Story updated Wednesday at 5:30 p.m.
Two days after the University of Kansas football program “mutually parted ways” with coach Les Miles following allegations of sexual harassment during his tenure at Louisiana State University, the man who hired him lost his job as well.
Jeff Long, who took over Kansas Athletics in July 2018, stepped down on Wednesday in a move first reported by Stadium’s Brett McMurphy. KU Chancellor Douglas Girod released a statement Wednesday afternoon praising Long’s “selfless decision” to step down and thanked him for his service to the university.
“Jeff guided Kansas Athletics to progress in student-athlete healthcare, diversity and inclusion, and student-athlete academic achievement, all while managing significant challenges not of his own making,” Girod said. “Most important, Jeff was unwaveringly dedicated to students, coaches and staff, and he represented KU with integrity and compassion. For that, we thank him, and we wish him the very best.”
Long’s five-year contract he signed in 2018 was to pay him a guaranteed salary of $1.5 million annually, with the university budget covering $200,000 and the rest paid by the athletic department. As part of the separation agreement, which KU released shortly after confirming Long’s departure, he will be paid through the end of March, and then receive another $1.375 million paid in 11 monthly installments of $125,000.
The exact source of that funding is unclear in the agreement, and is described only as coming from “University”.
In the interim, Girod said prominent KU donor Kurt Watson will serve as the athletics director until a permanent hire can be made.

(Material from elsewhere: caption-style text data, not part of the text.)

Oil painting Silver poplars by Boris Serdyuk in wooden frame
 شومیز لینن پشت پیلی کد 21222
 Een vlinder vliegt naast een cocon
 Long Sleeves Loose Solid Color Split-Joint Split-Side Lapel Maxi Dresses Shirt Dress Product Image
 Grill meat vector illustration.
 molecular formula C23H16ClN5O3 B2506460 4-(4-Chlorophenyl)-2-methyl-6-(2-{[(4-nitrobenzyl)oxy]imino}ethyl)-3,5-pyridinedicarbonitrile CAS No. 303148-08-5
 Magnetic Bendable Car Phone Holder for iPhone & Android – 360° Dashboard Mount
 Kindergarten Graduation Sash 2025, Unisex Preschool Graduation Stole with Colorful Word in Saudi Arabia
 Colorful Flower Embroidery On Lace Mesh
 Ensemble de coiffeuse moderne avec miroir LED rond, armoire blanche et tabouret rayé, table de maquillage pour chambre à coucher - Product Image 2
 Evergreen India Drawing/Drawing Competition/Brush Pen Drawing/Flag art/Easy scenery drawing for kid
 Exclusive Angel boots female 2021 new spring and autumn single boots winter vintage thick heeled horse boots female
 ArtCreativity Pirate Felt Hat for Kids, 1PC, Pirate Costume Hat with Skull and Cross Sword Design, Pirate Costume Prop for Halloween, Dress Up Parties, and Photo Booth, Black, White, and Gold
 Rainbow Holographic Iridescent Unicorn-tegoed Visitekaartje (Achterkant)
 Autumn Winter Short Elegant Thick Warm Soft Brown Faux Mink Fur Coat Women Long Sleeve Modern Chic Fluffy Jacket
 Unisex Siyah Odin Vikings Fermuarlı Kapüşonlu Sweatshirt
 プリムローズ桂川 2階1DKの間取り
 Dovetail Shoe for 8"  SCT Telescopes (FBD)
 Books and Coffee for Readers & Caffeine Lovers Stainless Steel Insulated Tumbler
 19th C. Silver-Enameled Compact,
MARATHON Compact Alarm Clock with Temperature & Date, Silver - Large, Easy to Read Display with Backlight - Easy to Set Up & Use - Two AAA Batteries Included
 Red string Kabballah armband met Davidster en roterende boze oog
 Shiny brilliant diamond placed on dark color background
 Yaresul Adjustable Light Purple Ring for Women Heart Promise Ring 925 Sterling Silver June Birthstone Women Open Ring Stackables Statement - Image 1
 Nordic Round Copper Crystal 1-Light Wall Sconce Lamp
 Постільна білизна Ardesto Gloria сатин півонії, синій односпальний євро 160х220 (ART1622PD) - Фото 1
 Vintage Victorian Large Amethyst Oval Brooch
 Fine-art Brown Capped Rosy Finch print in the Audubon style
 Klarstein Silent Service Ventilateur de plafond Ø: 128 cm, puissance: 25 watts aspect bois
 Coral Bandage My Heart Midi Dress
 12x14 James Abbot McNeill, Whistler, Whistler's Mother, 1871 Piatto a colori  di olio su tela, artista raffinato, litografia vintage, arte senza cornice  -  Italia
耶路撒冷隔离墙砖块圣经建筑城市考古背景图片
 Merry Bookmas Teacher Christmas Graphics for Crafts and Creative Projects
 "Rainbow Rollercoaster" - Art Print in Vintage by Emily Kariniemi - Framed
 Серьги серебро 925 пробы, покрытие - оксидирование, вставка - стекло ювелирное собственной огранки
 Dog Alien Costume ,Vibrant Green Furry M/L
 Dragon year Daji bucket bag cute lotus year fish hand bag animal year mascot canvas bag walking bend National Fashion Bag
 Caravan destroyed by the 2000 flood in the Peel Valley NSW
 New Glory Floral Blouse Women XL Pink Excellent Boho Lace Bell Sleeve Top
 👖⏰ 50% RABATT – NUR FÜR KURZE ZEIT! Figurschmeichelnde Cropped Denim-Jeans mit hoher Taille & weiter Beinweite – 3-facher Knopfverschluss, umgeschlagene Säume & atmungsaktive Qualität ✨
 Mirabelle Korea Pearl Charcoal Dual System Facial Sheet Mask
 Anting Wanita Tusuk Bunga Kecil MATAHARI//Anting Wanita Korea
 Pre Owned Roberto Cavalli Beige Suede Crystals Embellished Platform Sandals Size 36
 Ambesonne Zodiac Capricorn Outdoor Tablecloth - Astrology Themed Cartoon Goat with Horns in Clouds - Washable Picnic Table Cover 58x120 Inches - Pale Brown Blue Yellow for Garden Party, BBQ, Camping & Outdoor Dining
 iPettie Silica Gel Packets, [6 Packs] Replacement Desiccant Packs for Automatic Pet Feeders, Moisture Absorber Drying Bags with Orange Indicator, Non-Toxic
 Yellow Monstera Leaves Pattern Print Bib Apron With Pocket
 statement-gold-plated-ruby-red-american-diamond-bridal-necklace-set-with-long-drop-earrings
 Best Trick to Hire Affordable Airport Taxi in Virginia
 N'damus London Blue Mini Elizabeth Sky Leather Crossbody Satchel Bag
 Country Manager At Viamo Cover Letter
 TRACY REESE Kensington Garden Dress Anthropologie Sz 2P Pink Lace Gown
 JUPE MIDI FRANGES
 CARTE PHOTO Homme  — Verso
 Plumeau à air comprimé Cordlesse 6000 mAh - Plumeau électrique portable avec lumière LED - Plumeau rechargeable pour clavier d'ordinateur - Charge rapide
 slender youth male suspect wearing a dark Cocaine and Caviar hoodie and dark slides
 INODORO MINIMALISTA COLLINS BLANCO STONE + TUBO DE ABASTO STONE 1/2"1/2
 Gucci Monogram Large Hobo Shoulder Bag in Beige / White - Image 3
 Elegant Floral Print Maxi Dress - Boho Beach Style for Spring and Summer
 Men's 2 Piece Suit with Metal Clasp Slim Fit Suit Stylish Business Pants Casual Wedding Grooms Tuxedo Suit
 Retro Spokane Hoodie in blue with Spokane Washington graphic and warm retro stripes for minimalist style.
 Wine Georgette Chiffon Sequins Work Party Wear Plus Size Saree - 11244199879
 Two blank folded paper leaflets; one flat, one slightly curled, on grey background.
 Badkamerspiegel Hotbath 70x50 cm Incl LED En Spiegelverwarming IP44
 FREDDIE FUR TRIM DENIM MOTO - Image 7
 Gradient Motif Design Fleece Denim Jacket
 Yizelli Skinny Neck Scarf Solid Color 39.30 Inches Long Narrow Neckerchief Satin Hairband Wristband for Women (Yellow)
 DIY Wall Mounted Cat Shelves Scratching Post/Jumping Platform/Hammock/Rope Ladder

That process will begin immediately, and Girod said he would lead the process with assistance from Linda Ellis Sims, Ray Evans, John Ballard, and Wayne Simien.
“Each of these loyal Jayhawks will bring tremendous expertise and passion to the search, and I know their counsel will benefit the process,” Girod said. “We will move quickly but judiciously, and my hope is to have a new athletics director in place within the next few weeks.”
Once a new athletics director is in place, that individual will determine the next steps related to KU’s search for a sixth football coach since the 2009 season, Girod said.
“I understand time is of the essence and that our football student-athletes are eager to know who will be guiding them. But we are making long-term decisions on an athletics director and a football coach, and we cannot sacrifice the quality of a search simply for expediency,” he said. “While there will be a lot of speculation regarding potential candidates for both searches, I urge Jayhawks to have faith in the process and in those who are devoting their time to assist.”